As an addendum, if there’s any sort of specification that you can rely on the formatting, for e.g. the state will always be either 2 or 3 characters long then you can improve further the way it works. If you know it’s always either 2 or 3 then you can improve a bit that to not split when not needed when there isn’t a list of values, and to not require splitting to match the correct state.

defmodule Testing do
  def format_string(string, state) do
    Regex.replace(~r/\{(.*?)\}/, string, fn
	(_, <<n_state :: binary-size(2)>>) -> "{" <> n_state <> "}"
	(_, <<n_state :: binary-size(3)>>) -> "{" <> n_state <> "}"
	(_, capture) ->
      		apply_format(capture, state)
    end)   
  end

  def apply_format(capture, state) do
     capture
     |> String.split(",", trim: true) 
     |> extract_correct_state(state)
  end

  def extract_correct_state([], state), do: "{MISSING:#{state}}"
  def extract_correct_state([<<state :: binary-size(2)>> <> ":" <> rem | t], state), do: rem
  def extract_correct_state([<<state :: binary-size(3)>> <> ":" <> rem | t], state), do: rem
  def extract_correct_state([_|t], state), do: extract_correct_state(t, state)
end

Even the apply_format could be made to not require splitting, but it needs several clauses to work for 2 and 3 so without a macro it’s a bit boring to write by hand.
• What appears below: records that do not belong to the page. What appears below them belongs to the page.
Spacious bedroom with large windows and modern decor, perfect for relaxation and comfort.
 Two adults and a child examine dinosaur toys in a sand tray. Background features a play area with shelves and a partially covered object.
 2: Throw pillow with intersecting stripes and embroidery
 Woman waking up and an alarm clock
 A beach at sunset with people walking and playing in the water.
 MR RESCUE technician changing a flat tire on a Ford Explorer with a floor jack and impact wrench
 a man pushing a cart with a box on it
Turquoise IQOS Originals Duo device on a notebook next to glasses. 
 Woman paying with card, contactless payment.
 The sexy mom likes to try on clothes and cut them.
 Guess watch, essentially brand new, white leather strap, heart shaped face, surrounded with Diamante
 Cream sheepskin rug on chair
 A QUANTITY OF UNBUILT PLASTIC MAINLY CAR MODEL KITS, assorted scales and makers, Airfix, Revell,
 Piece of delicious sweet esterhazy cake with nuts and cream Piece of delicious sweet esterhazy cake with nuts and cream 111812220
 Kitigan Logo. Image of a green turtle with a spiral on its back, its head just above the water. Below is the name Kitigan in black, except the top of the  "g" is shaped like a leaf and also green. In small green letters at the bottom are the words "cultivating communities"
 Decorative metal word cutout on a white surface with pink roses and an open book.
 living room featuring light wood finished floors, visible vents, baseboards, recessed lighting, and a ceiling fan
yudy · March 16, 2019, 7:41am

@amnu3387 thank you again for the great explanation. It seems you are not suggesting to do the splitting. I mean from previous example [val] -> "{" <> val <> "}" is simple enough. Is there any performance consideration or anything else so that you avoid to do splitting and change to binary size instead?

For the format, I think I will just process the correct format which is {,}. And simply not to continue if it’s not correct.